Educators don’t make a whole lot of money, so many of us take odd jobs. One of my odd jobs is working as a pari-mutuel clerk at thoroughbred racetracks on “Big Days.” I’ve worked at tracks in Arkansas, Texas, and Louisiana. Everywhere I go, the uniform is… well… uniform: black slacks, white shirt, and a tie. This was my first racing season to work “Big Days” since losing nearly 100 pounds, but I felt confident that I had my uniform ready to go last Saturday.
I’m often described as an organized person. I am highly dependent on my Google Calendar, I can find just about any email I need to document a point, and I even know how many steps I’ve taken in any given day. I knew I had a job coming up, so I pulled out an old pair of black pants, tried them on, put them in the wash, and set them out for the event over a week ahead of time.
On the morning of the race I woke up with plenty of time to spare, I put on my tellering trousers, and I was amazed at how comfortable they were! I walked around the house, responded to some Facebook friends, did a bit of tidying up, and when I bent down to pick up my belt, I realized something was terribly wrong. I was wearing pants that I had split the seat out of last season. Sure, they were comfortable, but they weren’t going to cut it at work.
So there I was, running around the house with an exposed rear, looking for pants… any pants that were black and that I could wear to work. I had pants from long ago that swallowed me whole. I had pants from even longer ago that were at least 8″ too small in the waist. And then… in the junk room… I found a brand new, unopened pair of pants that were within the ballpark of my current waist size. I had ordered them, outgrown them, and set them aside. Success!
Well, success in the waist department. The pant legs were several inches too long. Did I mention that it was time to go to work? The first pair of pants were ripped beyond repair, but the second ones were workable. There I sat, on the edge of the bed, pants turned inside out, thanking my lucky stars that Ann Kilman had made me learn to do this on an Apron in the 6th grade at Carl Stuart Middle School. She would roll over in her grave if she saw the work that I had done, but it was time to go!

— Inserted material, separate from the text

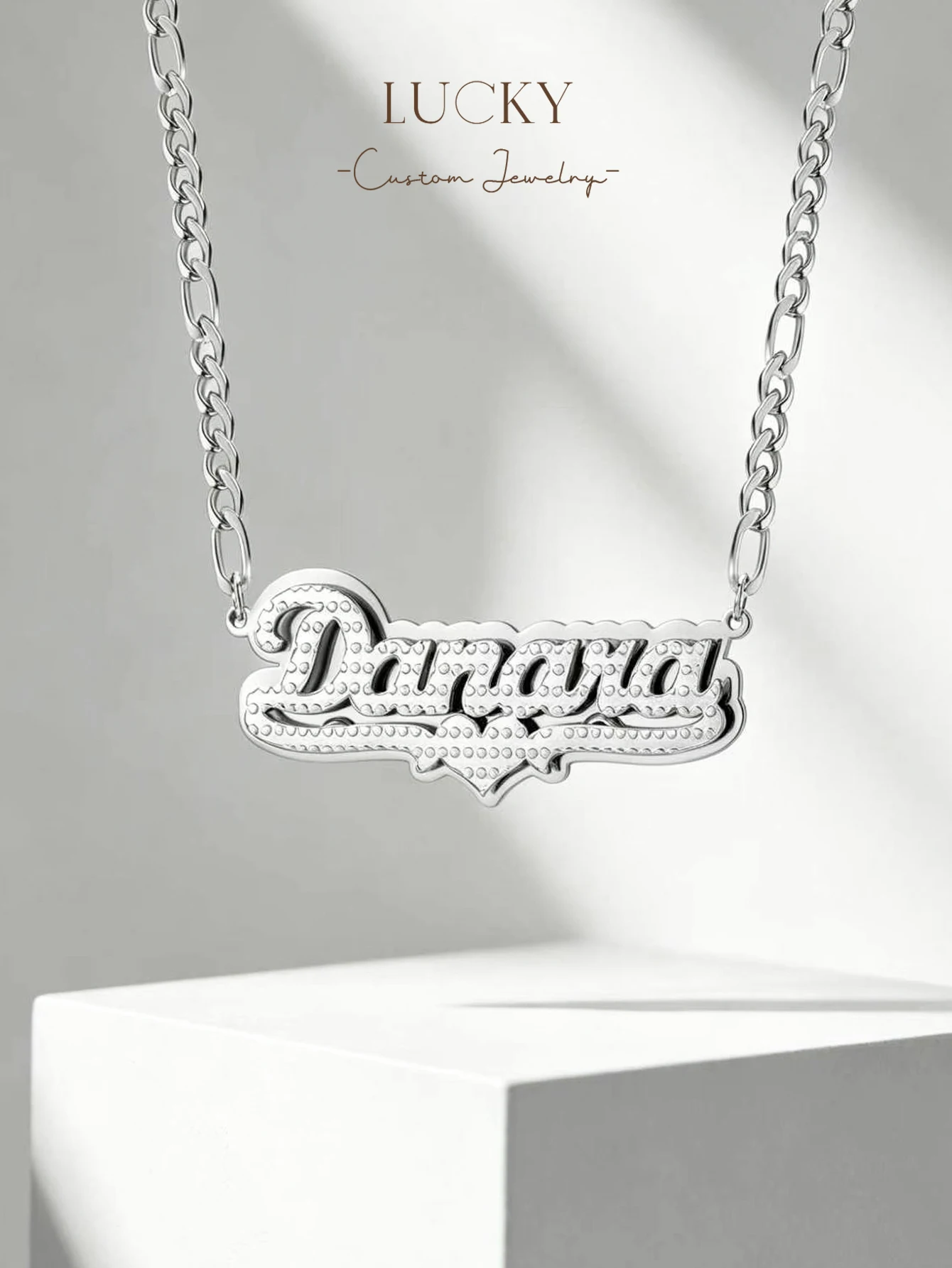 1 DIY custom women's name corrosion necklace, length 45 centimeters, customizable name, simple daily style, product includes gif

Did I mention that I’m colorblind? I have a deficiency in perceiving the color red that makes it sometimes look black. Unbeknownst to me, I had hastily hemmed my pants with RED THREAD. I noticed this after turning them inside out and walking past a sunny window. With some colorful words on the side, I put them on, tied my tie, and shot out the door. I made it to work on time (because I’m usually annoyingly early wherever I go), and the track was too busy for anyone to notice my needlework. I SURVIVED!
Losing weight is a wonderful experience, but it can leave you in a bind if you’re not on top of things.